THIS README IS FOR THE DATA/PROCESSED_DATA DIRECTORY, EACH SUB-DIRECTORY WILL ALSO CONTAIN IT'S OWN README FILE.

THIS DIRECTORY CONTAINS THE CODE FOR THE CREATION OF THE COUNT DATA AT DIFFERENT GRID RESOLUTIONS FOR THE GRID-MESH OPTIMISATION METHOD AND FOR MODELLING OF THE CRIME DATA.
THIS DIRECTORY CONTAINS 3 SUB-DIRECTORIES ONE FOR THE SHAPEFILES, THE SOCIO-ECONOMIC VARIABLES AND THE CRIME DATA. THE FINAL SUB-DIRECTORY ALSO CONTAINS CODE TO TAKE THE CRIME, COVARIATE AND CENSUS TRACT SHAPEFILES DATA TO FORMULATION COUNT DATA OVER THE CENSUS TRACTS AND GRIDS WITH THE RELEVANT SOCIO-ECONOMIC VARIABLE DATA ATTACHED.

THE MANIPULATED DATA FILES (COPIED OVER FROM THE RAW_DATA DIRECTORY) ARE NOT CONTAINED WITHIN THIS ARCHIVED FOLDER BUT CAN BE CREATED THROUGH THE R FILES IN THE RELEVANT RAW_DATA DIRECTORY. WHILE WE DO NOT HAVE THE DATA FILES ARCHIVED, WE DISCUSS THE NAMING CONVENTIONS BELOW AS THEY ARE USED WITHIN THE R SCRIPTS.
HOWEVER, WE DO ARCHIVE THE COUNT DATA GENERATED OVER THE CENSUS TRACTS AND GRIDS WITHIN THEIR RELEVANT SUB-DIRECTORIES WITHIN THE PROCESSED_DATA/CRIME DIRECTORY.

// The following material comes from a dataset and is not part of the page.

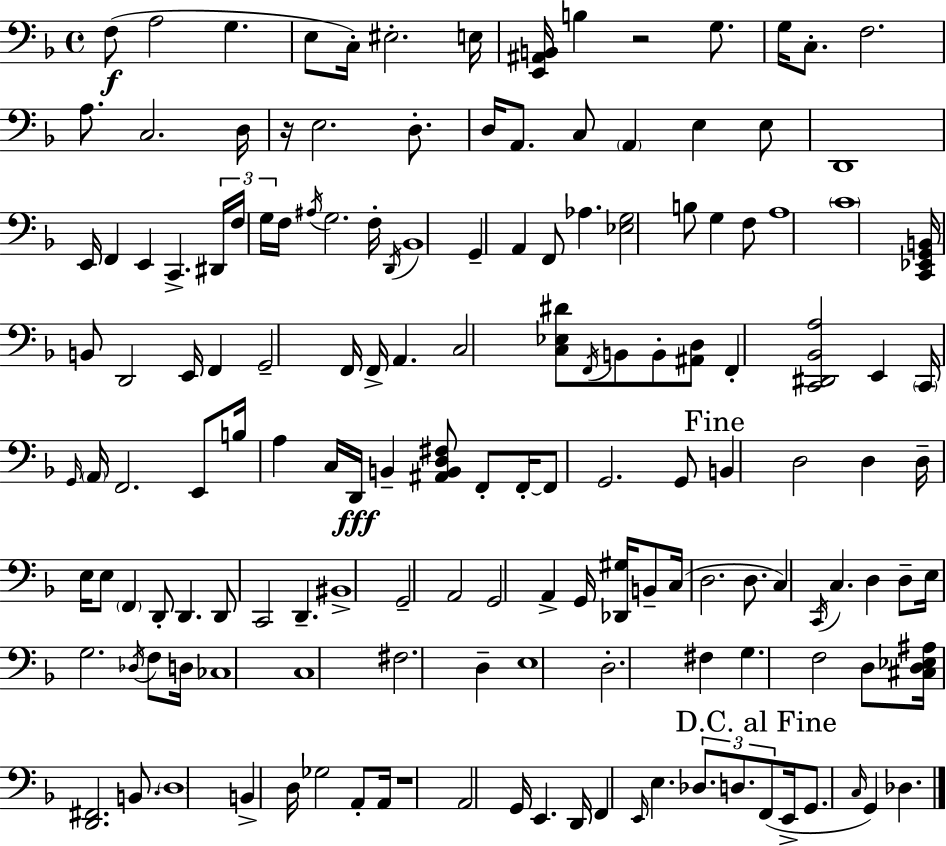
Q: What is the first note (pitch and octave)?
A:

- CRIME: this sub-directory contains four further sub-directories which take the outputs for the homicide and motor vehicle theft data created in DATA/RAW_DATA/CRIME in order to produce count data over the census tracts as well as count data over different grid resolutions. The details for the interpolation of the variables are discussed in Chpater 4.1 of my thesis.
	-- POINT_PATTERN: this contains the homicide and motor vehicle theft data produced in and copied over from DATA/RAW_DATA/CRIME.
	-- COUNT_DATA_CENSUS_TRACT: this sub-directory contains the R script CountDataGen_CT_final.R which creates the census tract-level count data which are saved in a sub-directory for each city as *2015CTCountData_projFinal.rda and *2015CTSFCountData_projFinal.rda where the latter is the same data but saved as an sf object.
	-- COUNT_DATA_GMO: this sub-directory contains the R script CountDataGen_GMO_final.R which takes the census tract level socio-economic variables stored in PROCESSED_DATA/COVARIATES (copied over from RAW_DATA/COVARIATES) as well as the crime data stored in PROCESSED_DATA/CRIME/POINT_PATTERN (copied over from RAW_DATA/CRIME) to generate count data over different resolution grids. Importantly, this produces the gridded count data for the creation of the covariates for the Grid-Mesh Optimisation method implemented on the Los Angeles window (Chapter 4) where the creation of the second covariate arises from the average income *_CTInc_15_imp_proj.rds where all missing data for census tracts are interpolated, regardless of the total household estimates for the census tract. This is then interpolated slightly differently to the income data for the modelling of the city data, using the proportion of the area of the census tract intersected with the grid cells as the weights for the areal interpolation. This is discussed in more detail in Chapter 4 of my thesis.
	-- COUNT_DATA_FINAL: this sub-directory contains the R scripts CountDataGen_final.R and CountDataGen_Scale_final.R. The former produces the count data on different grid resolutions at the projected (UTM coordinates) scale while the latter takes this count data frame as well as the grids used to create it and transforms them so that they are scaled where a unit shift in the x or y direction relates to 10km shift rather than 1m shift and and then shifting the locations so that the bottom-left of the boundary window of the city's polygon is at (0,0). As with the count data generated in DATA/PROCESSED_DATA/CIMRE/COUNT_DATA_GMO we take the census tract level socio-economic variables stored in PROCESSED_DATA/COVARIATES (copied over from RAW_DATA/COVARIATES) as well as the crime data stored in PROCESSED_DATA/CRIME/POINT_PATTERN (copied over from RAW_DATA/CRIME). However, unlike the count data generated in DATA/PROCESSED_DATA/CIMRE/COUNT_DATA_GMO we use the average income *_CTInc_15_imp0_proj.rds, where the missing data that corresponds to census tracts with estimated zero total households is set to zero instead of imputed. Additionally, the interpolation of the average income onto the grids involves using the proportion of the area of the grid cell intersected with the census tracts. This is discussed in more detail in Chapter 4 of my thesis. For the different resolutions we output additional data such as meshes and the boundary polygon for the cities.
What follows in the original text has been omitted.